Accounting v Auditing

Many people do not know that although auditing and accounting both deal with finances, they are two different distinct disciplines. Recent statistics show that by 2022, employment in these fields is expected to increase by 13%. Therefore, if you are considering a career in accounting or auditing, it is very important that you understand the differences between them. Continue reading below to discover the differences between accounting v auditing.

Accounting v Auditing

Accounting:

Firstly, for businesses to manage their finances, accounting is carried out on a daily basis. The process involves tracking a number of financial element such as budgets and payroll. If you run a business and you are managing your finances rather than hiring an accountant, you must ensure that you are confident enough to do the work accurately. If mistakes are made, it will be very difficult to determine profits and cash flows for growth and stability.

Auditing:

Auditing involves evaluating a company’s financial practices. This can range from accounting procedures to regulatory compliance. Auditing can be conducted by either an internal or external auditor. An internal auditor is an employee charged with the responsibility to evaluate the organization’s practices while an external one is hired outside of the firm.

Accounting & Auditing Explained

Although accounting and auditing are different disciplines, they are related and connected in many ways. Therefore, students taking them often share some courses. Nevertheless, while auditing is a stand-alone major in most institutions, advanced accounting degrees offers the option of majoring in auditing.

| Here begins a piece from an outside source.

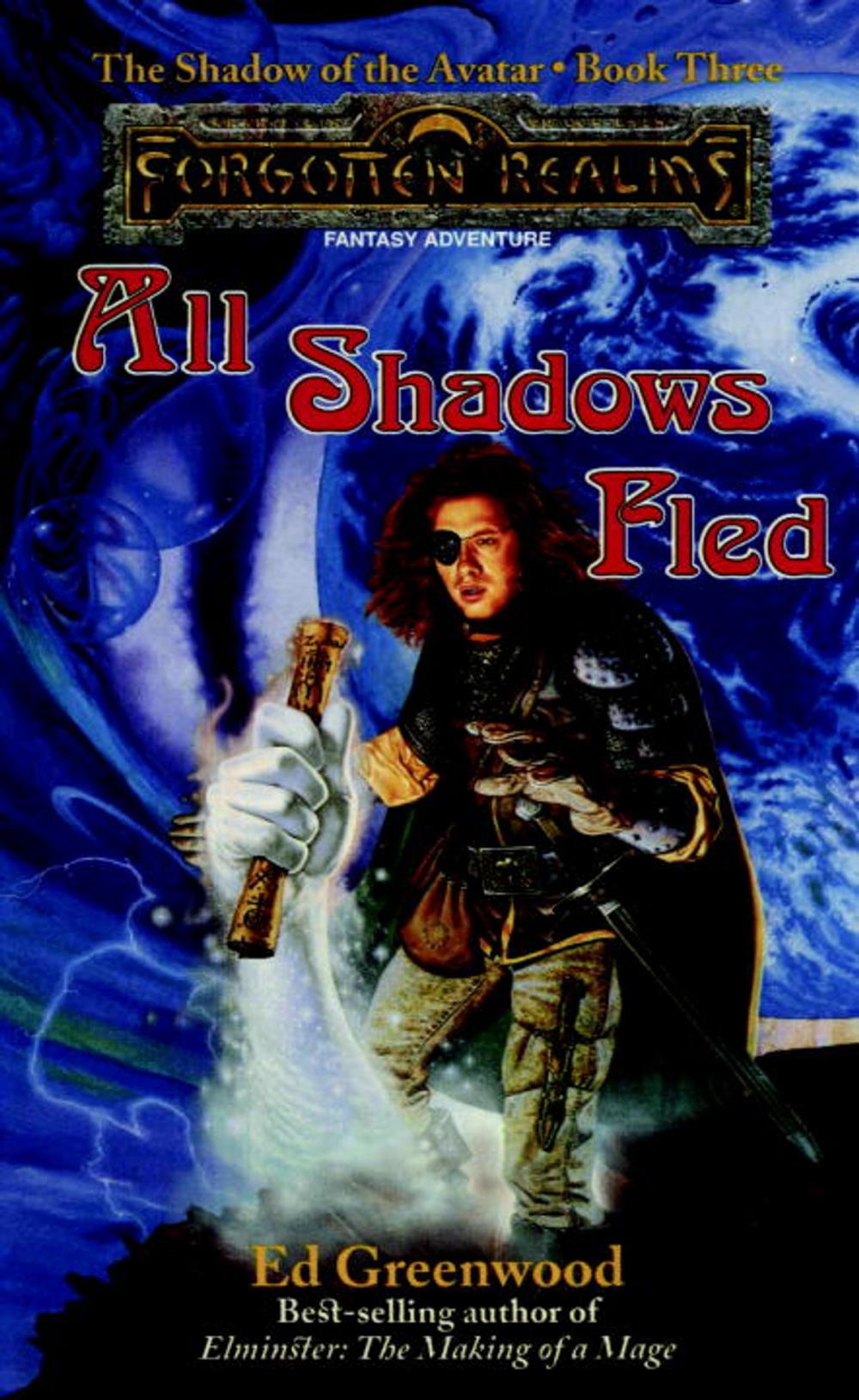 Big bigCover of All Shadows Fled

In most cases, a degree program in accounting focuses on primary businesses skills to pave the way for career opportunities. Some of the coursework include communications, arts social sciences and mathematics. The coursework imparts learners with both analytical and critical thinking skills.

Technical accounting knowledge is taught in specialized classes emphasizing on accounting principles, auditing, and federal income tax as well as cost and budget control. For those interested in advance accounting, nonprofit accounting, internal accounting, and business law are some of the coursework.